Before printing the listing, strip out its pictures and keep everything else exact.

# # # # # # #

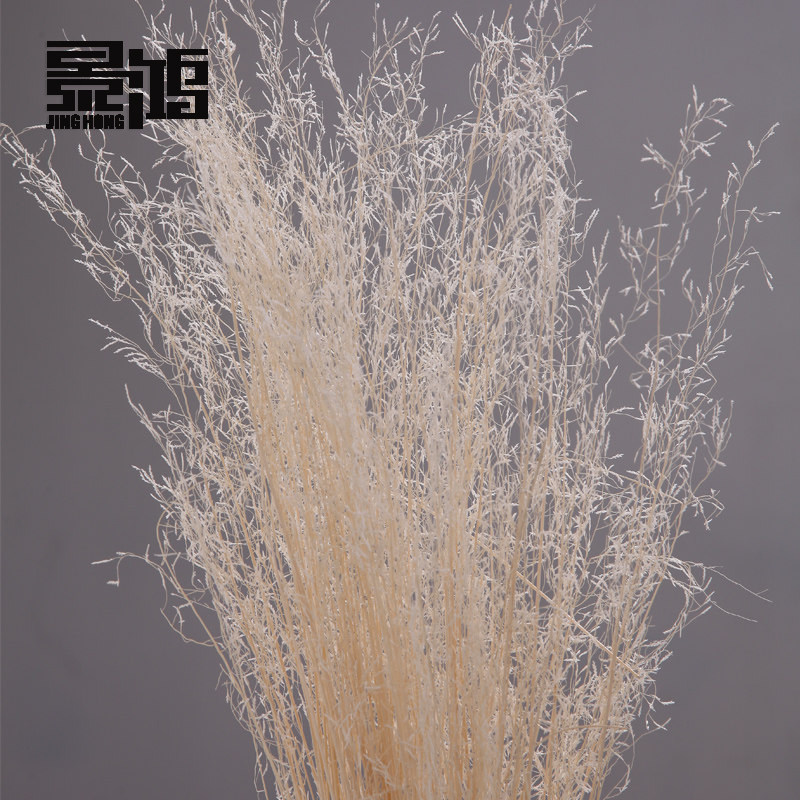 ����ٲݰ�ƫ��װ�λ�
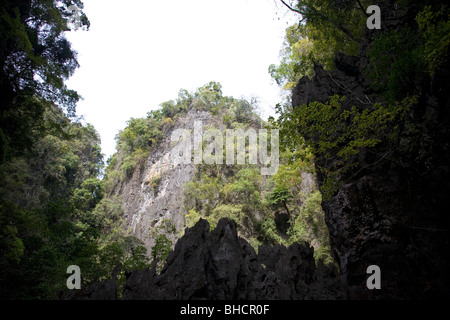 L'ouverture de la grotte de la mangrove au milieu de Panak Island Banque D'Images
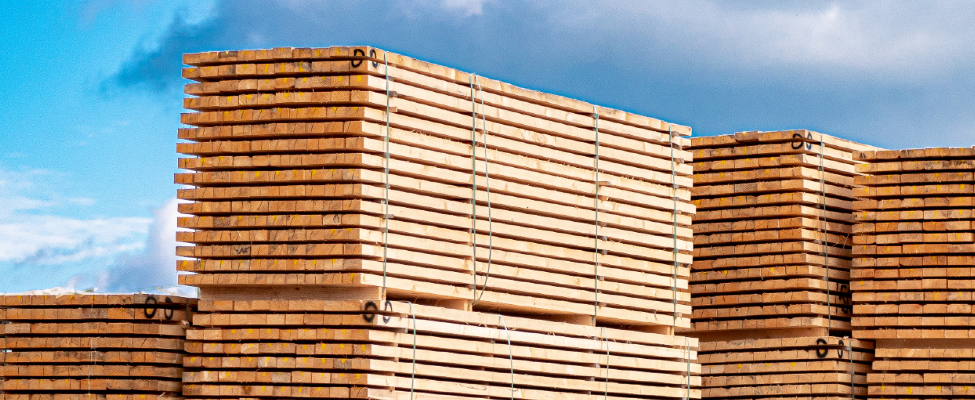 CE marking for timber construction products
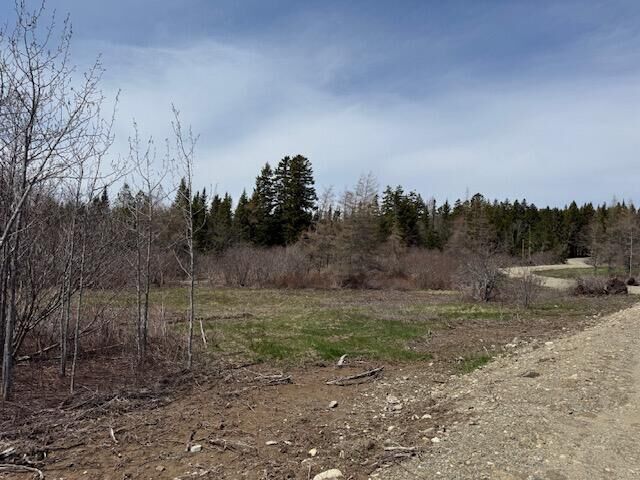 Property Photo:  Lot 2 Holmes Bay Farms Road  ME 04691 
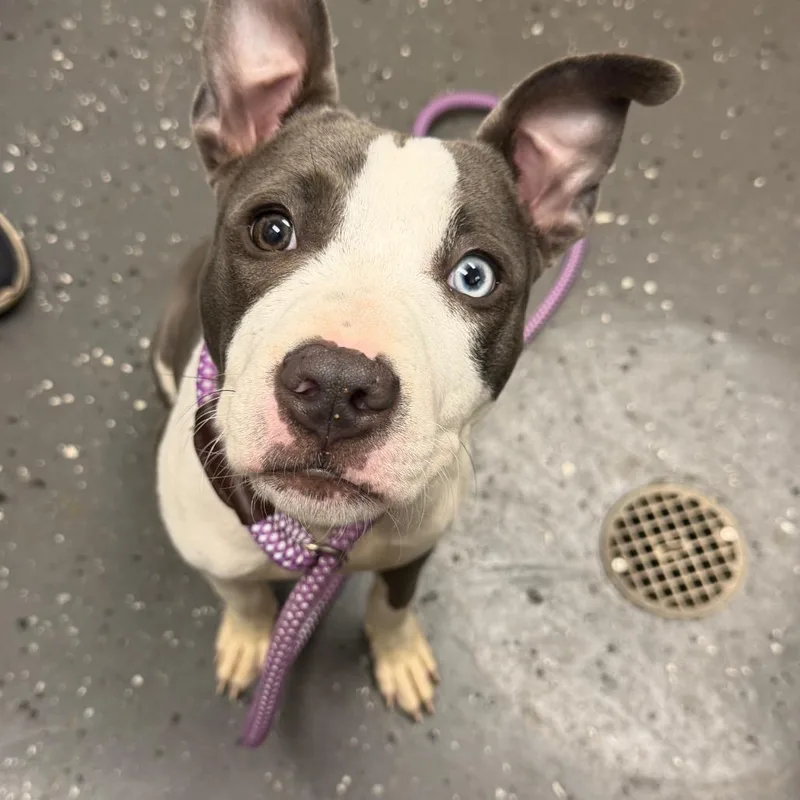 A baby medium-sized female Gray / Blue / Silver Mixed Breed dog named Delilah for adoption in Columbiana, AL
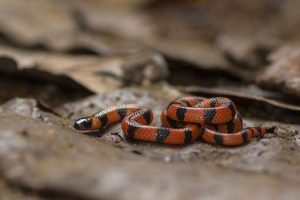 Serpiente de Coral de Bibron tumbada en el suelo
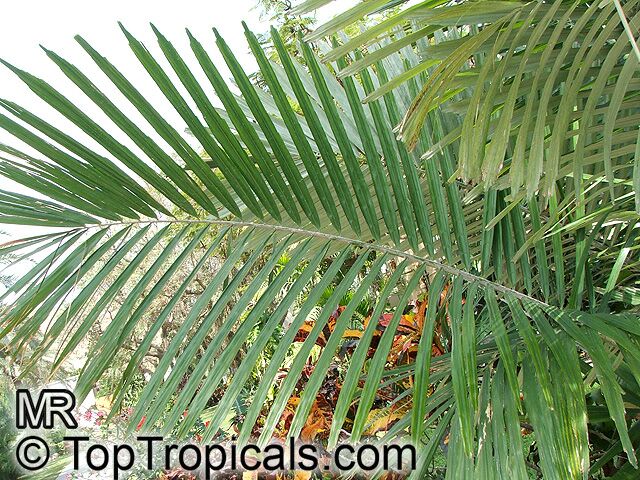 Arenga engleri, Formosa Palm, Dwarf Sugar Palm,Taiwan Sugar Palm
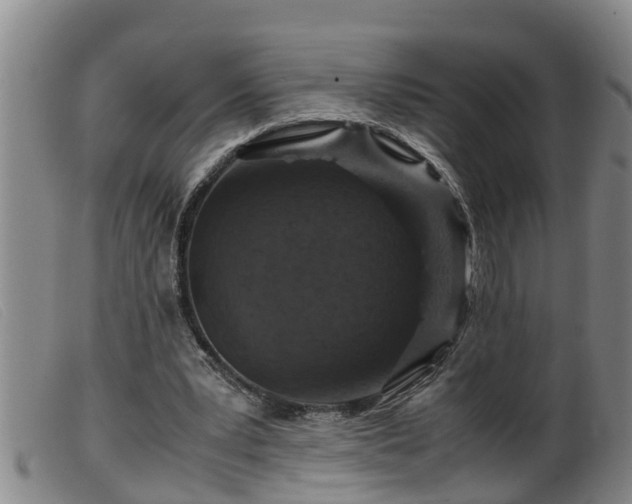 X0000099530391200805231107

# # # # # # #

■ **Written response**:
 ����ٲݰ�ƫ��װ�λ�
 L'ouverture de la grotte de la mangrove au milieu de Panak Island Banque D'Images
 CE marking for timber construction products
 Property Photo:  Lot 2 Holmes Bay Farms Road  ME 04691 
 A baby medium-sized female Gray / Blue / Silver Mixed Breed dog named Delilah for adoption in Columbiana, AL
 Serpiente de Coral de Bibron tumbada en el suelo
 Arenga engleri, Formosa Palm, Dwarf Sugar Palm,Taiwan Sugar Palm
 X0000099530391200805231107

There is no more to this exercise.